Write the records out exactly, so that no picture remains in the copy.

=== Task inputs ===

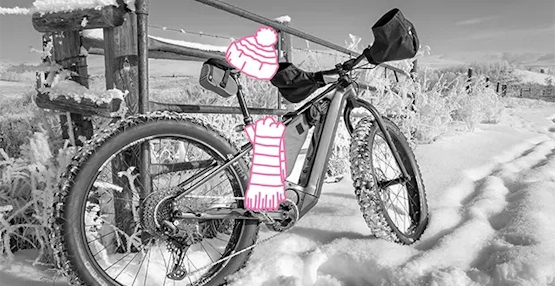 Maak uw elektrische fiets winterklaar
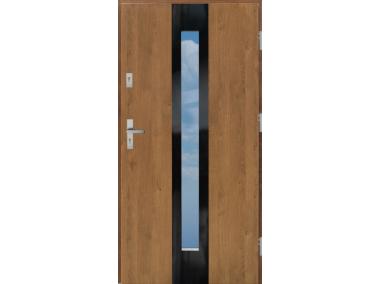 Zdjęcie: Drzwi zewnętrzne stalowo-drewniane Disting Olivio Glass 03 Winchester 90 cm prawe KR CENTER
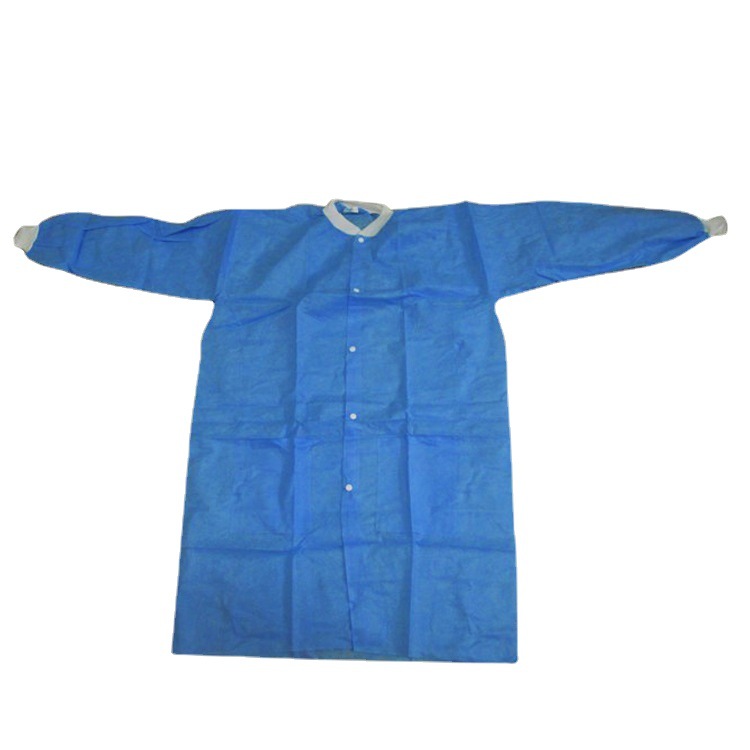 一次性无尘服参观服无纺布工作服实验服加厚衣服大褂防护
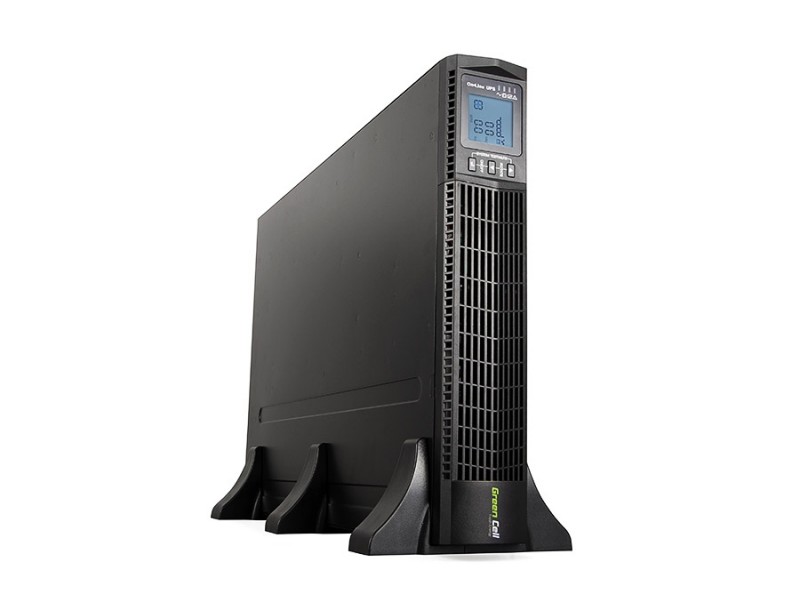 Green Cell UPS15 UPS Online RTII with LCD 3000VA 6x 9 Ah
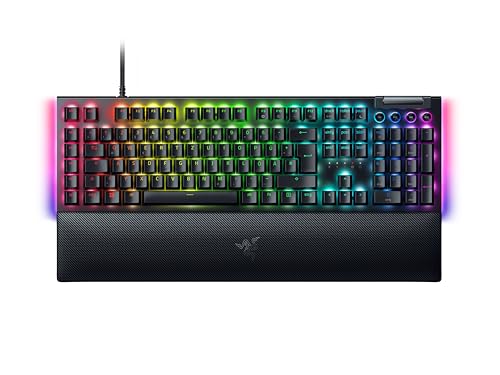 Razer BlackWidow V4 - Mechanische Gaming-Tastatur Chroma RGB (Mechanische Yellow Switches, 6 eigene Makro-Tasten, Doubleshot-ABS-Tastenkappen) QWERTZ DE-Layout | Schwarz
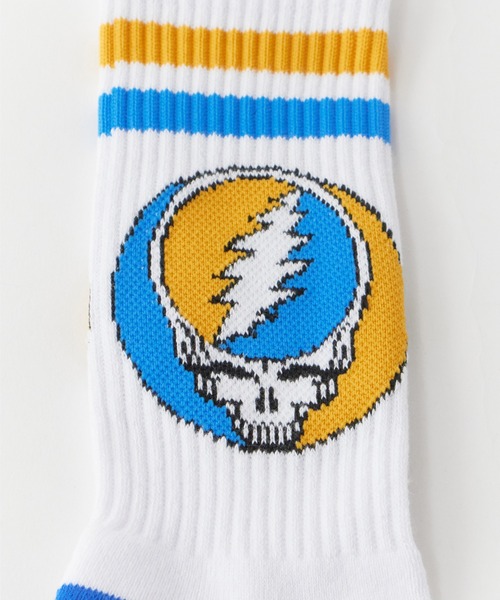 ZENITH（ゼニス）の「ZENITH/ゼニス × GRATEFUL DEAD/グレイトフルデッド STEAL YOUR FACE SOCKS ロングソックス ロック（ソックス/靴下・メンズ・イエロー/ブルー/ブラック×ブルー/ネイビー系1/グレー系1/ホワイト系1/レッド系1/パープル系1/イエロー系1・ONE SIZE）」の22枚目の写真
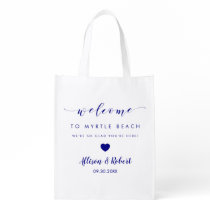 Wedding Welcome Bag for Hotel Guests, Navy Blue
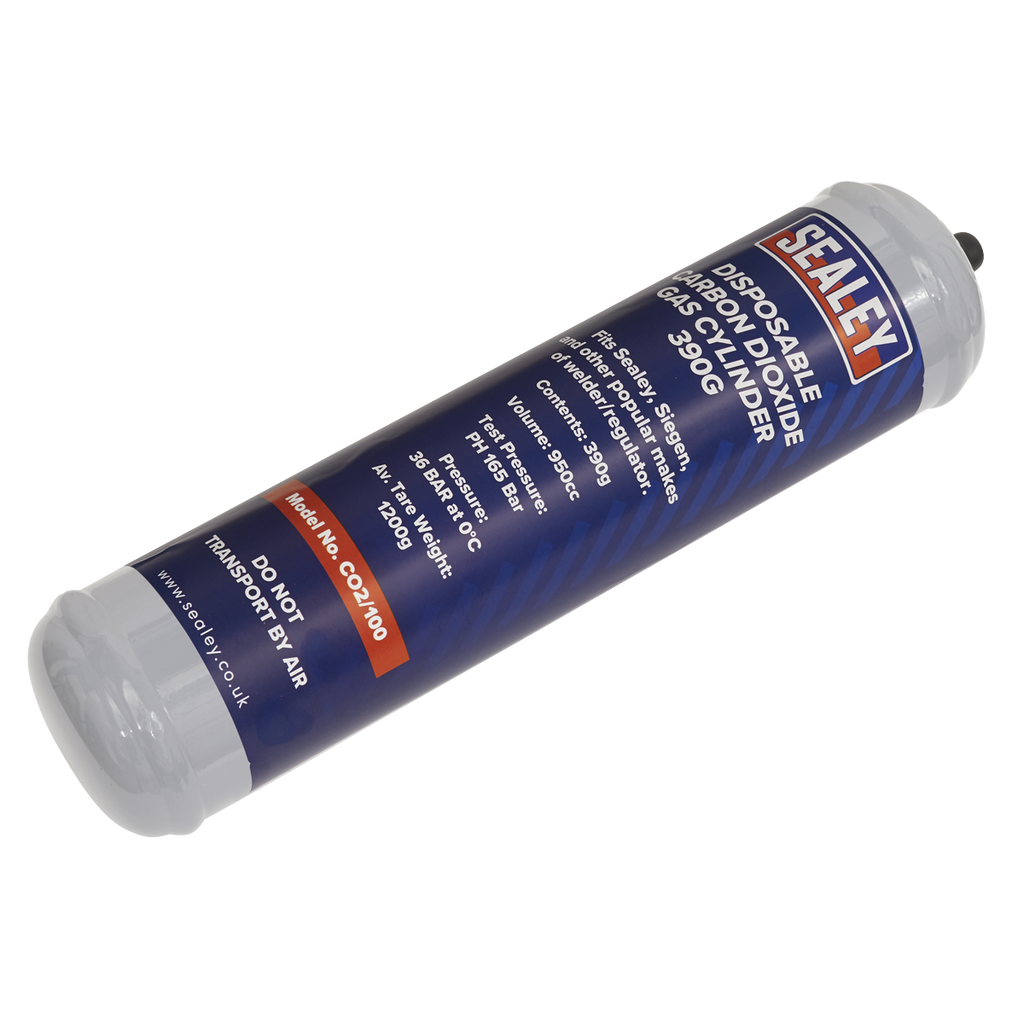 Disposable Carbon Dioxide Gas Cylinder 390g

===

**Reply**
 Maak uw elektrische fiets winterklaar
 Zdjęcie: Drzwi zewnętrzne stalowo-drewniane Disting Olivio Glass 03 Winchester 90 cm prawe KR CENTER
 一次性无尘服参观服无纺布工作服实验服加厚衣服大褂防护
 Green Cell UPS15 UPS Online RTII with LCD 3000VA 6x 9 Ah
 Razer BlackWidow V4 - Mechanische Gaming-Tastatur Chroma RGB (Mechanische Yellow Switches, 6 eigene Makro-Tasten, Doubleshot-ABS-Tastenkappen) QWERTZ DE-Layout | Schwarz
 ZENITH（ゼニス）の「ZENITH/ゼニス × GRATEFUL DEAD/グレイトフルデッド STEAL YOUR FACE SOCKS ロングソックス ロック（ソックス/靴下・メンズ・イエロー/ブルー/ブラック×ブルー/ネイビー系1/グレー系1/ホワイト系1/レッド系1/パープル系1/イエロー系1・ONE SIZE）」の22枚目の写真
 Wedding Welcome Bag for Hotel Guests, Navy Blue
 Disposable Carbon Dioxide Gas Cylinder 390g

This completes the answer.